$\forall n \geq 3, \text{Span}(SO_n(\mathbb{R})) = M_n(\mathbb{R})$

Question

I would like to prove that the following holds for all $n \geq 3$ :

$$\forall n \geq 3, \text{Span}(SO_n(\mathbb{R})) = M_n(\mathbb{R})$$

So far I have noticed the following :

• For $n =2$ the result doesn't hold since $\text{dim(Span}(SO_2(\mathbb{R}))) = 2 \ne 4$

• For $n =2$ we can express every matrices of $SO_2(\mathbb{R})$ which help in finding a basis and thus the dimension. Yet I am enable to find a basis of $SO_n$ for $n \geq 3$

I don't have much idea of the way to go to prove the result since I am enable to find a basis of $\text{Span}(SO_n(\mathbb{R}))$.

Answer 1

We will construct a basis of $M_n(\mathbb R)$ consisting of special orthogonal matrices below. Denote by $E_{ij}$ the matrix with a $1$ at the $(i,j)$-th position and zeros elsewhere. For $i=1,2,\ldots,n-1$, define $D_i=I-2E_{ii}-2E_{nn}$. Define also $D_n=I$. Then the $D_i$s are linearly independent and they span the subspace of all diagonal matrices.

Now, for every pair of indices $(i,j)$ with $i<j$, pick an index $r\ne i,j$ and define \begin{aligned} R_{ij}&=E_{ij}-E_{ji}+\underbrace{\sum_{k\ne i,j}E_{kk}}_{\text{diagonal}},\\ S_{ij}&=E_{ij}+E_{ji}\,\underbrace{-\,E_{rr}+\sum_{k\ne i,j,r}E_{kk}}_{\text{diagonal}},\\ \end{aligned} In other words, if $\mathcal I=\{i,j,r\}$ and $\mathcal J=\{1,2,\ldots,n\}\setminus\mathcal I$, then $$ R_{ij}([\mathcal I,\mathcal J],[\mathcal I,\mathcal J]) =\pmatrix{0&1&0\\ -1&0&0\\ 0&0&1\\ &&&I_{n-3}}, \ S_{ij}([\mathcal I,\mathcal J],[\mathcal I,\mathcal J]) =\pmatrix{0&1&0\\ 1&0&0\\ 0&0&-1\\ &&&I_{n-3}}, $$

Since the $D_i$s span all diagonal matrices, both $E_{ij}-E_{ji}$ and $E_{ij}+E_{ji}$ lie inside the matrix space spanned by the $D_i$s, $R_{ij}$s and $S_{ij}$s. It follows that the $D_i$s, $R_{ij}$s and $S_{ij}$s form a basis of $M_n(\mathbb R)$.

Answer 2

For odd $n \ge 3$ there is a straightforward answer:

Let $Q_1 = I, Q_2 = -I + 2 e_1 e_1^T$, where $e_1 = (1,0,...)^T$, note that $Q_1,Q_2 \in SO(n)$.

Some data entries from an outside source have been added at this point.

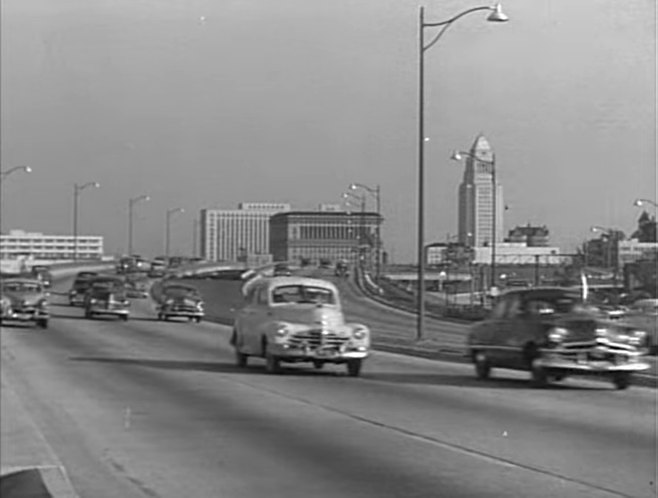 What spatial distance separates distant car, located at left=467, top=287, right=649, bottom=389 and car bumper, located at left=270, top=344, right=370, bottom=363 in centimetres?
312

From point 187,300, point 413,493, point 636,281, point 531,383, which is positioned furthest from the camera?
point 187,300

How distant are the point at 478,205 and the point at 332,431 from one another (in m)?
5.46

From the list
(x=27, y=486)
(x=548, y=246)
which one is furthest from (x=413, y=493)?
(x=548, y=246)

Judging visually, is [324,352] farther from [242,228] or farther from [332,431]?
[332,431]

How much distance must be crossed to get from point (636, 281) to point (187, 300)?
102 ft

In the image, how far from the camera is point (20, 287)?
47719 mm

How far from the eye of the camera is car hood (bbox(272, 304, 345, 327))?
26438mm

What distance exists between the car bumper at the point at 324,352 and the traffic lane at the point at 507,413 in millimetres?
382

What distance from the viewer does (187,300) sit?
5184 cm

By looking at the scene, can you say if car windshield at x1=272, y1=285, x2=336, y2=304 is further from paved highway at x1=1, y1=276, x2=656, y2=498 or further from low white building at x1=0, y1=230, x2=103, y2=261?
low white building at x1=0, y1=230, x2=103, y2=261

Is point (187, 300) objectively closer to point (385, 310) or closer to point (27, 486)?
point (385, 310)

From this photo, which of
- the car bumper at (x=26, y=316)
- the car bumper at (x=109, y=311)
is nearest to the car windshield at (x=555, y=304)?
the car bumper at (x=26, y=316)

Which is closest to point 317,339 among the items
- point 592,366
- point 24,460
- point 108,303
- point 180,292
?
point 592,366

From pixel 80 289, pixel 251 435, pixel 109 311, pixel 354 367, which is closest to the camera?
pixel 251 435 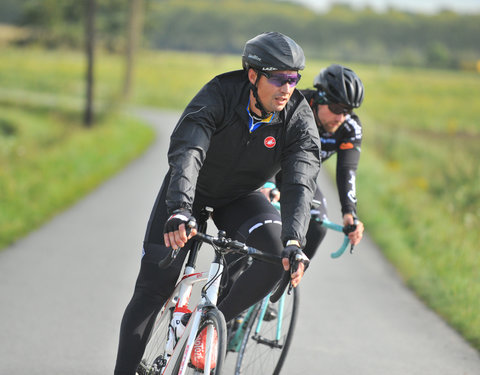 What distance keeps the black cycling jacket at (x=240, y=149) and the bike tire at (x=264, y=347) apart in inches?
42.6

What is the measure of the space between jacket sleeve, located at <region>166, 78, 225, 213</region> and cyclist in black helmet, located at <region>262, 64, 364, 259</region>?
124cm

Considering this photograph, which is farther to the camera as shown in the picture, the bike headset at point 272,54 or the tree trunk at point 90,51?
the tree trunk at point 90,51

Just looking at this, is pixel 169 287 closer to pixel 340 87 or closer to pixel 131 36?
pixel 340 87

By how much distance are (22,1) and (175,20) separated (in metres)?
42.4

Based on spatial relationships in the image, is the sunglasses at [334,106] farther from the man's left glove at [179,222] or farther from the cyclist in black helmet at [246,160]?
the man's left glove at [179,222]

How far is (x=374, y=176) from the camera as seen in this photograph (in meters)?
14.9

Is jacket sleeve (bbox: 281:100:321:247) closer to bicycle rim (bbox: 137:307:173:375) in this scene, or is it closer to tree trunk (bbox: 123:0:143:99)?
bicycle rim (bbox: 137:307:173:375)

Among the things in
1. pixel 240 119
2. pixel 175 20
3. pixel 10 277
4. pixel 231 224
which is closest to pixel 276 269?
pixel 231 224

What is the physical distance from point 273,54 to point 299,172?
0.57 m

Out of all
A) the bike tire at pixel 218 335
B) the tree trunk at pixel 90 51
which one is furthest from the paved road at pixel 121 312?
the tree trunk at pixel 90 51

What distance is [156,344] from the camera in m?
3.54

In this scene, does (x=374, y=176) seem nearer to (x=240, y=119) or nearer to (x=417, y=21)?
(x=240, y=119)

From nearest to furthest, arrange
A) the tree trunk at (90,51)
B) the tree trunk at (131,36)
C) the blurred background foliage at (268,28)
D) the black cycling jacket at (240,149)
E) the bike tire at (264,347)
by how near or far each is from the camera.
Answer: the black cycling jacket at (240,149) → the bike tire at (264,347) → the tree trunk at (90,51) → the tree trunk at (131,36) → the blurred background foliage at (268,28)

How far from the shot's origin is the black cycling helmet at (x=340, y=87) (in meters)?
4.36
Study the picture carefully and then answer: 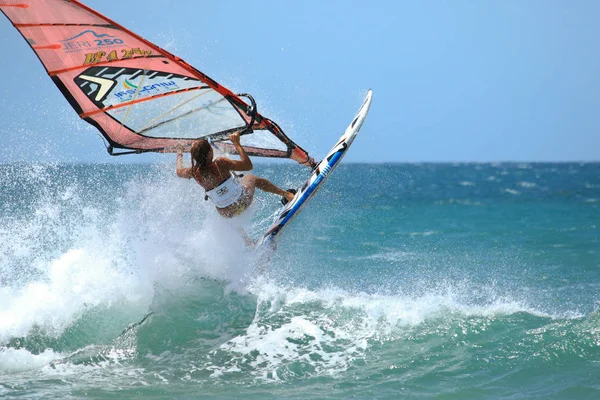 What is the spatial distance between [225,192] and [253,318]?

Then $Q_1+Q_2 = 2 e_1 e_1^T$. Now let $P_k$ be any even permutation matrix such that $P_k e_1 = e_k$, then $P_i(Q_1+Q_2) P_j^T = 2 e_i e_j^T$, and $P_iQ_1 P_j^T, P_iQ_2 P_j^T$ are in $SO(n)$.

For even $n\ge 4$, let $Q_1 = \operatorname{diag} \{ 1, \underbrace{ -1, \cdots, -1}_{{n \over 2}\text{ of these}}, \underbrace{ 1, \cdots, 1}_{{n \over 2}-1\text{ of these}} \}$, $Q_2 = \operatorname{diag} \{ 1, 1, -1, \cdots, -1, 1,...,1\}$, $\cdots $, $Q_{n-1} = \operatorname{diag} \{ 1, \underbrace{ -1, \cdots, -1}_{{n \over 2}-1\text{ of these}}, \underbrace{ 1, \cdots, 1}_{{n \over 2}-1\text{ of these}}, -1 \}$. Note that $Q_1+\cdots + Q_{n-1} +I= 2 e_1 e_1^T$. If we choose $P_k$ as above, get $P_j(Q_1+\cdots + Q_{n-1} +I)P_j^T = 2 e_i e_j^T$ and we have $P_j Q_j P_j^T \in SO(n)$.